**Work request:**
Word for word, set down the lines from the one that contains "I hope this" through the final line of the data; no pictures belong in the copy.

**Collected material:**

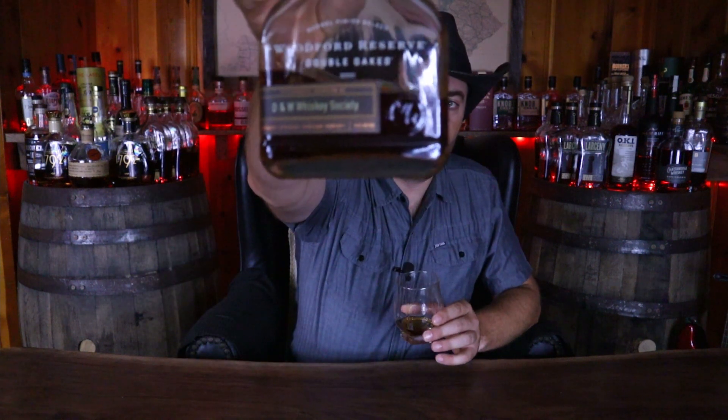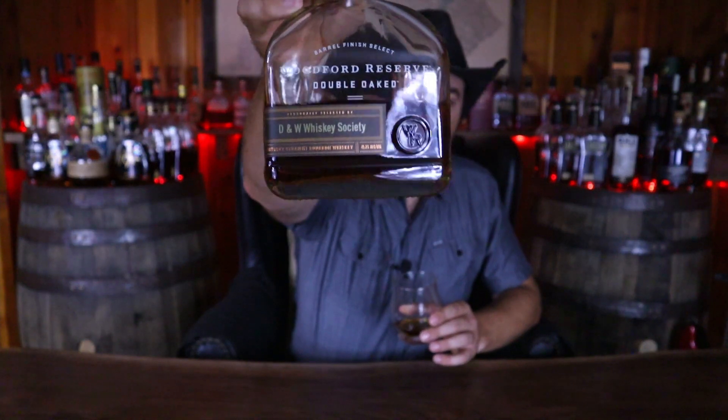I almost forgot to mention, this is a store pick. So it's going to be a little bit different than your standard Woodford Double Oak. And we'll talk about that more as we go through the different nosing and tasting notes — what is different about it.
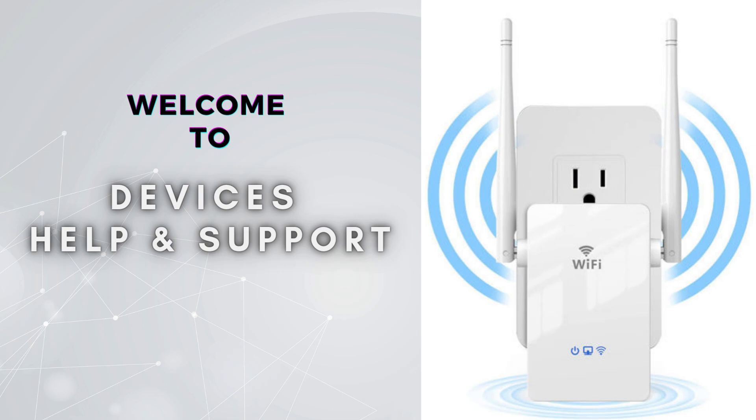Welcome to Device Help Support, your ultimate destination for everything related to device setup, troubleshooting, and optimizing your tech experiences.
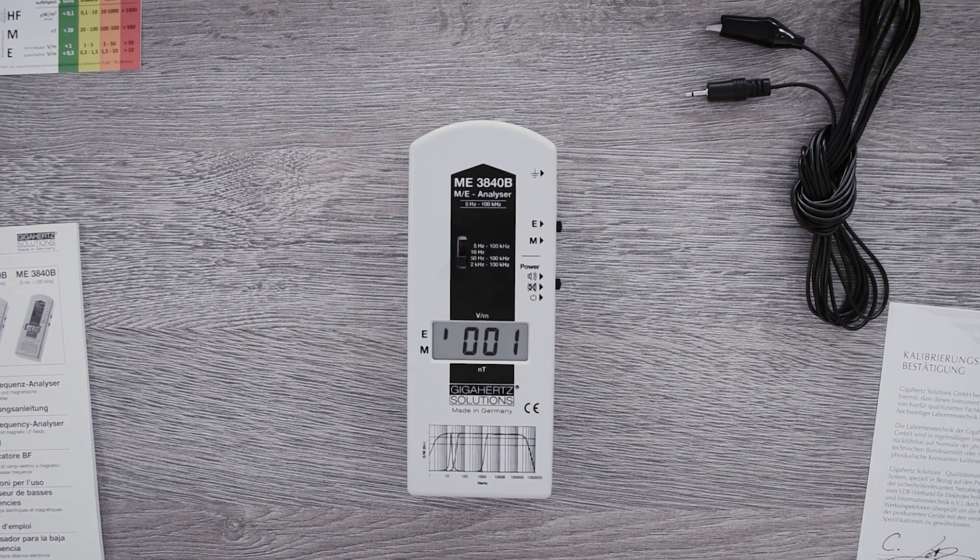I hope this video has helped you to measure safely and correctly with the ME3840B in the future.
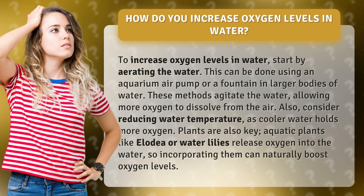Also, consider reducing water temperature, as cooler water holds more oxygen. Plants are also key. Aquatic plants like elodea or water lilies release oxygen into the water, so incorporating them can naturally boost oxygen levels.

**Finished exercise:**
I hope this video has helped you to measure safely and correctly with the ME3840B in the future.
Also, consider reducing water temperature, as cooler water holds more oxygen. Plants are also key. Aquatic plants like elodea or water lilies release oxygen into the water, so incorporating them can naturally boost oxygen levels.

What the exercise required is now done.